Memang UU ini masih mengundang berbagai kontroversi mulai dari permasalahan terkekangnya kebebasan pers sampai ketidakpastian hukum pada beberapa pasal yang terakhir menyebabkan kasus seperti Prita. Namun jika dilihat secara keseluruhan, ini merupakan sebuah kemajuan Indonesia di bidang cyber, terutama undang-undang ini diharapkan dapat melindungi para konsumen ataupun penjual di dunia maya. UU ITE khususnya pada Bab V pasal 17 sampai dengan pasal 22 menciptakan aturan baru dibidang transaksi elektronik yang selama ini masih belum ada. Walaupun aturan tentang transaksi elektronik tidak diatur secara khusus dalam suatu undang-undang, keberadaan pasal inilah yang dapat digunakan bagi pengguna e-commerce. Terlebih saat ini pemerintah tengah mematangkan lahirnya Peraturan Pemerintah di bidang Transaksi Elektronik.

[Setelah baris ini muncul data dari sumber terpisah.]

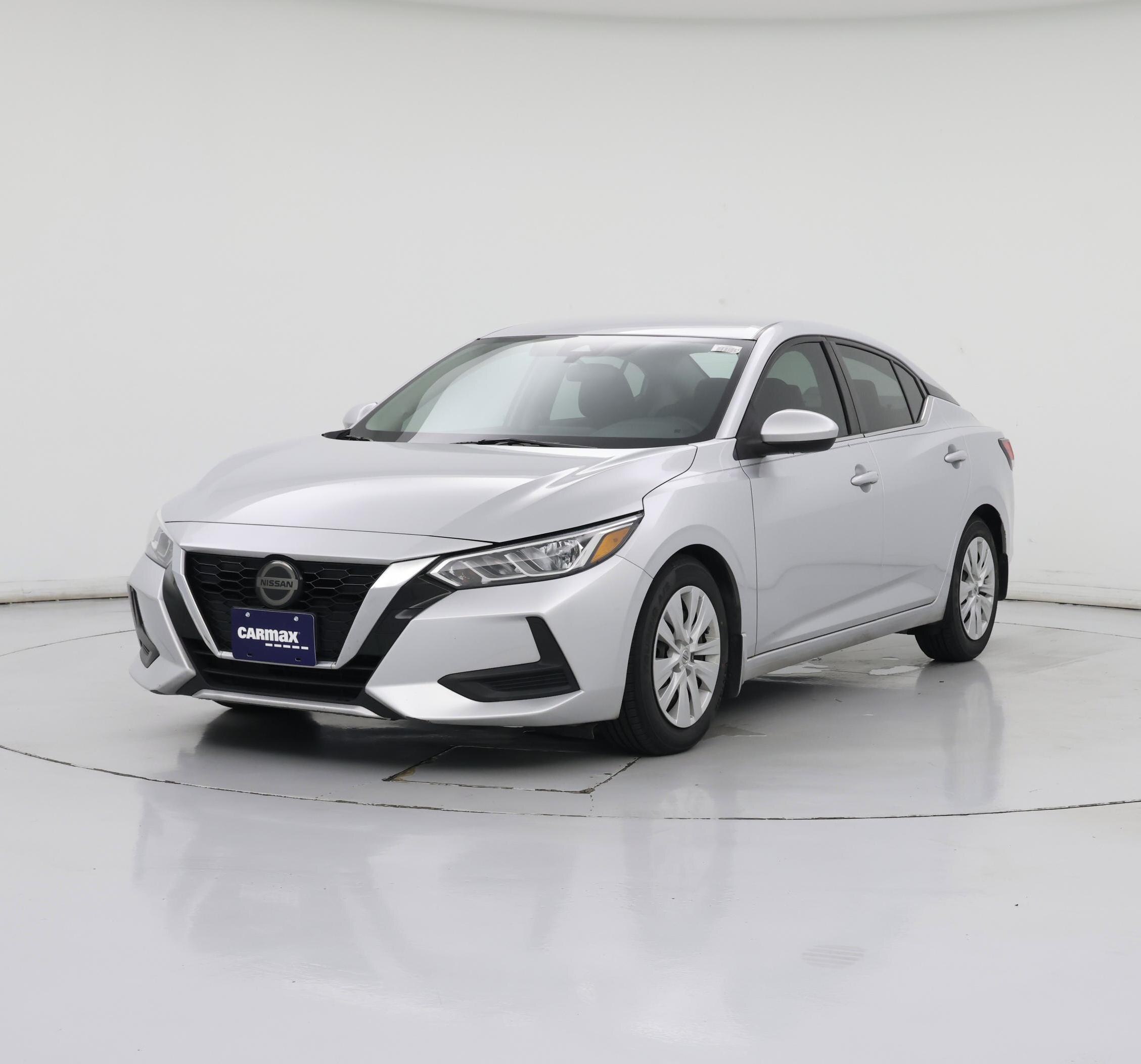 Thumbnail: 2020 Nissan Sentra - 4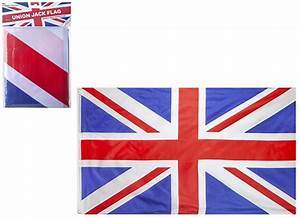 Union Jack Flag 150cm x 90cm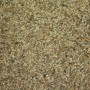 Nuber Dorstener Quarzkies 1-2 mm, 10 kg, als Bodengrund für Aquarien.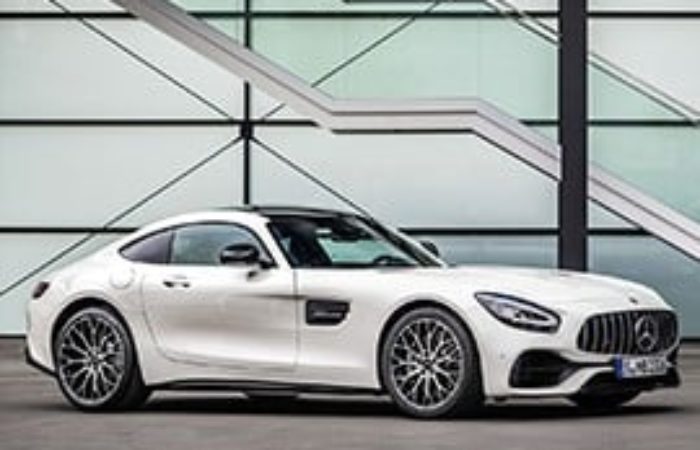 Rottamazione Auto Mercedes-AMG GT Coupe  Benzina dal 2018 – IN PRUDUZIONE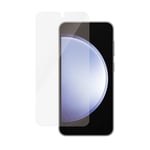 PanzerGlass Samsung Galaxy A05s Skärmskydd i reptåligt härdat glas - Ultra Wide Fit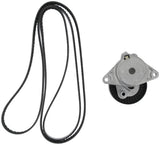 Accessory Drive Belt Kit | K49262E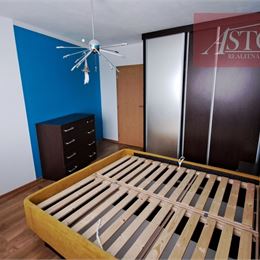 3-izb. byt s 2 balkónmi - Martin - NOVÝ MARTIN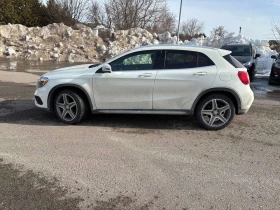 Mercedes-Benz GLA 250 CARFAX/ПОДГРЕВИ/KEYLESS - 9800 € / 19167.13 лв. - 76962842 3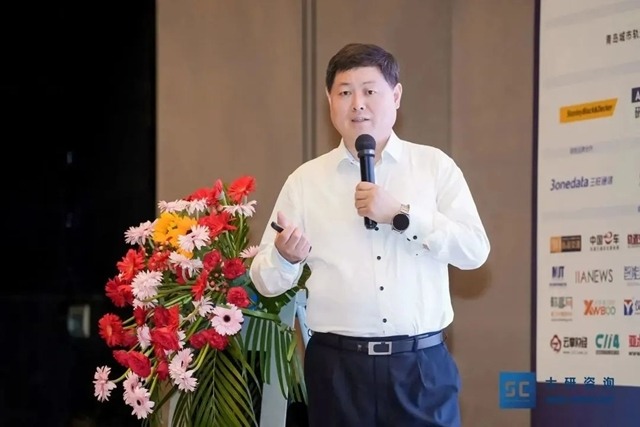 首批重磅发言嘉宾揭晓！！第四届全球轨道交通工业创新峰会火热报名中！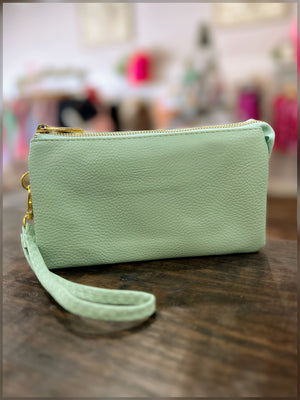 Alli Crossbody Bag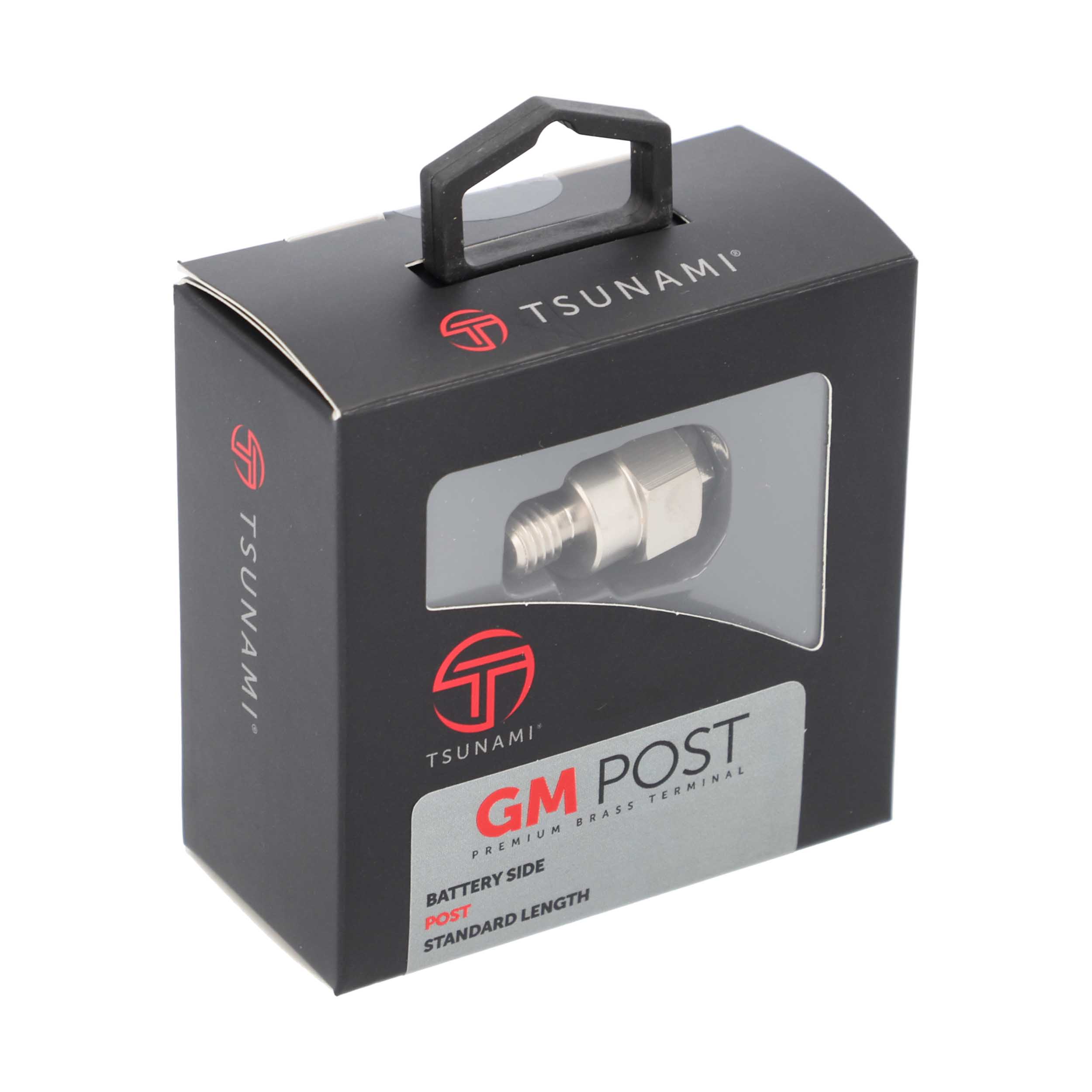 GM Short Battery Post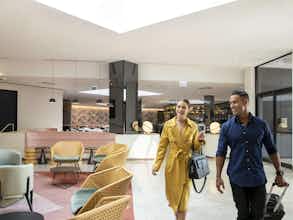 Hotel Novotel Sydney International Airport photo 1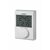 Siemens RDH100 / Digitaler Raumthermostat / verkabelt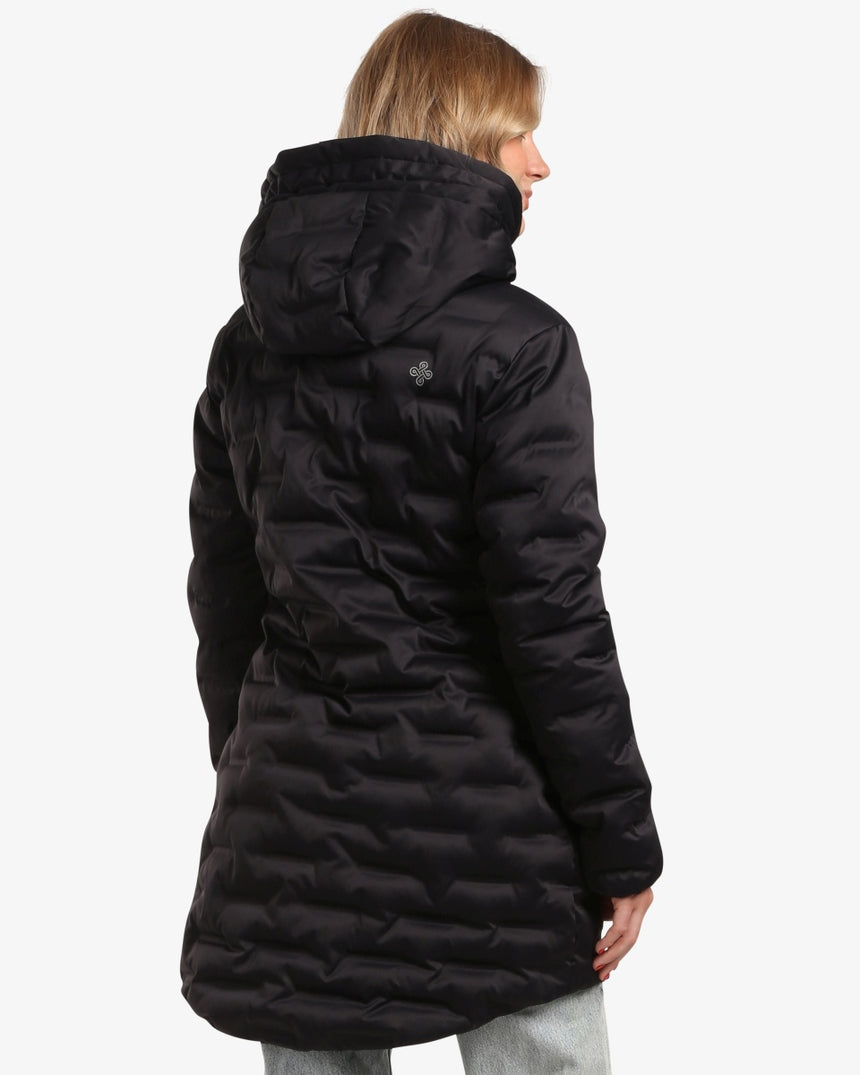 Manteau d'hiver femme Kilpi BELIZE-W
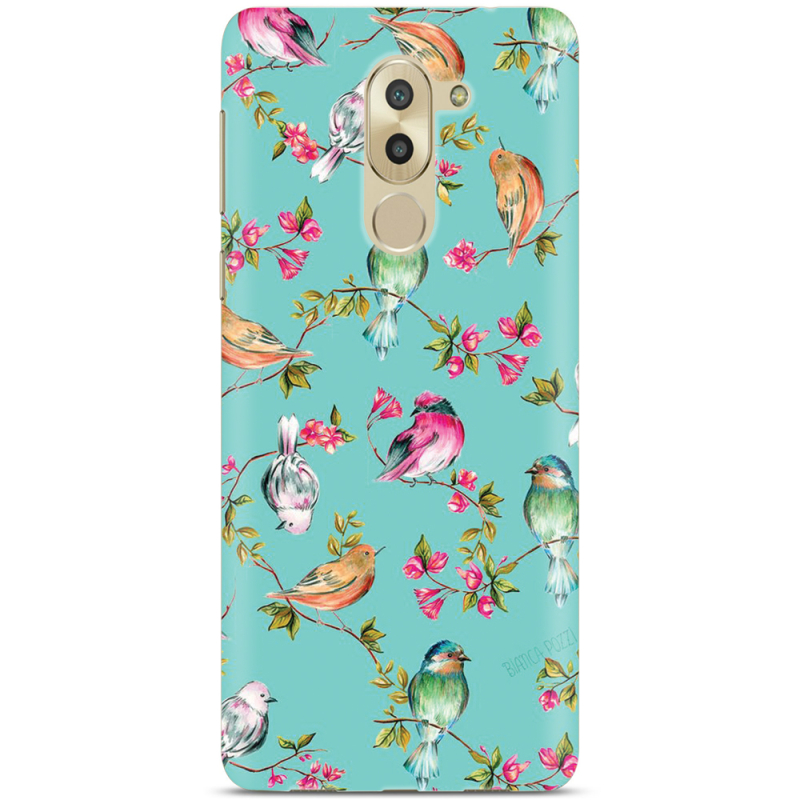 Чехол Uprint Huawei GR5 2017 / Honor 6X 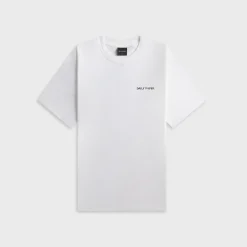 Chain Shield Short Sleeve Tee
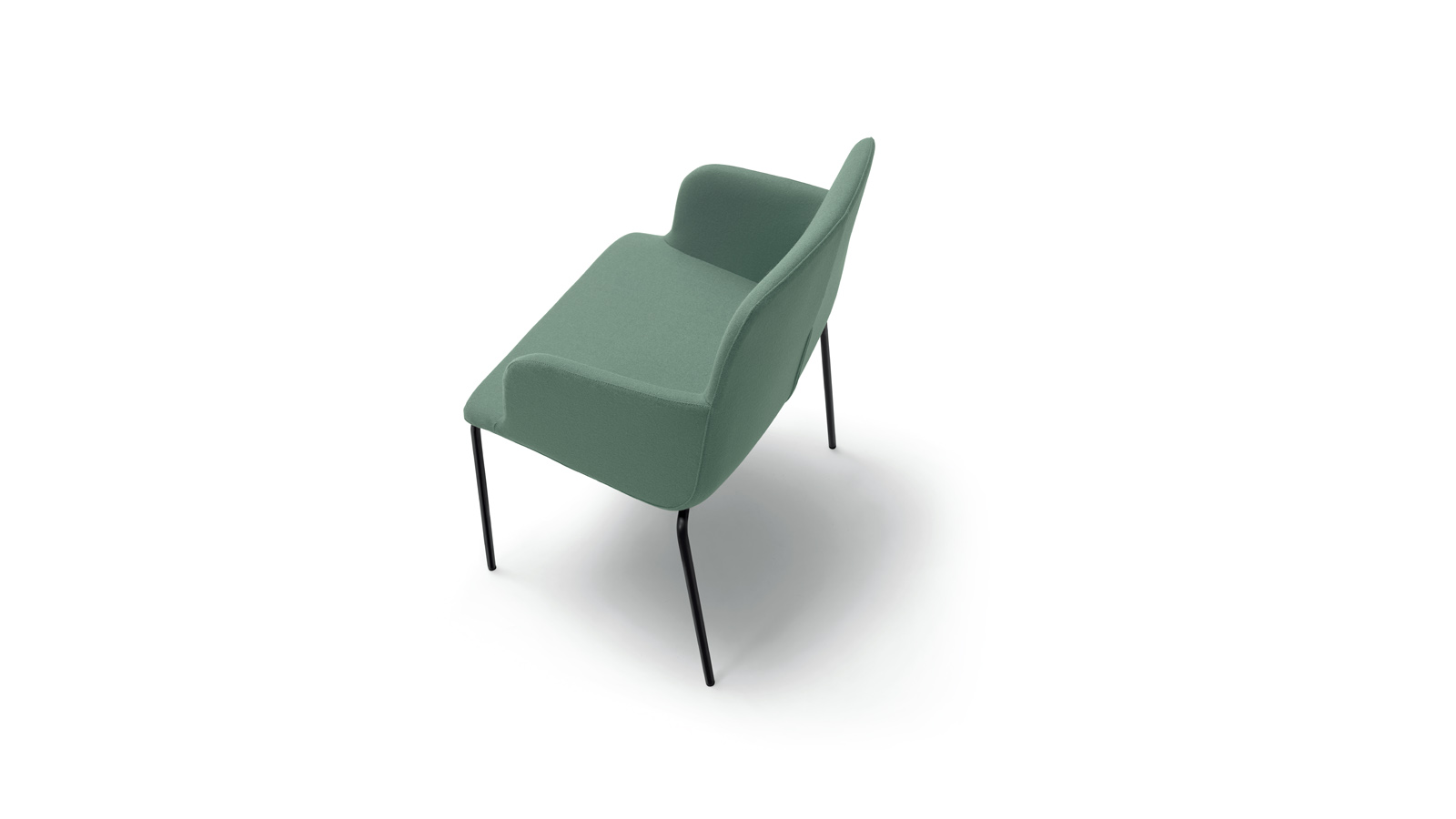 arflex-Brianza-chaise-sans-avec-accoudoirs-design-Claesson-Koivisto-Rune-tissu-salon- déjeuner-bureau-collectivité-projet-luxe-madeinitaly-moderne-contemporain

Namun, untuk mencapai tahap di mana melindungi konsumen dan pelaku e-commerce dengan UU ini sepertinya tidak akan gampang. Seperti yang kita ketahui transaksi e-commerce sudah pasti sebuah transaksi maya, walau demikian transaksi elektronik dalam e-commerce di Indonesia harus tetap tunduk pada ketentuan yang tercantum dalam UU No.8 Tahun 1999 tentang Perlindungan Konsumen. Keberadaan UU ITE dapat dijadikan partner hukum UU Perlindungan Konsumen untuk saling mendukung satu sama lainnya. Masalahnya, bagaimana jika pelaku usaha dalam e-commercetersebut tidak berada pada wilayah domisili yurisdiksi Indonesia. Inilah yang kemudian disebut sebagai salah satu kelemahan penggunaan UU Perlindungan Konsumen dalam transaksi e-commerce. UUPK secara tegas menekankan bahwa aturan tersebut hanya dapat diberlakukan kepada pelaku usaha yang bergerak di dalam wilayah hukum Republik Indonesia.
Selain itu, secara jelas menyebutkan bahwa prinsip utama transaksi elektronik adalah kesepakatan atau dengan ”cara-cara yang disepakati” oleh kedua belah pihak (dalam hal ini pelaku usaha dan konsumen). Transaksi elektronik mengikat para pihak yang bersepakat sehingga dalam sudut pandang perlindungan konsumen, konsumen yang melakukan transaksi elektronik dianggap telah menyepakati seluruh syarat dan ketentuan yang berlaku dalam transaksi tersebut. Hal ini berkenaan dengan klausula baku yang disusun oleh pelaku usaha yang memanfaatkan media internet. Artinya, hak pelaku usaha e-commerce dilindungi begitu pembeli menekan “I agree”, tetapi belum tentu bagi konsumen. Di sini letak ketidakseimbangan bagi konsumen.
Belakangan bermunculan desakan-desakan untuk melakukan revisi atas UU ini. Diharapkan memang akan dilakukannya perubahan sehingga nantinya perundang-undang mengenai transaksi online semakin jelas dan dapat berlaku adil bagi pihak pembeli maupun penjual di dunia maya.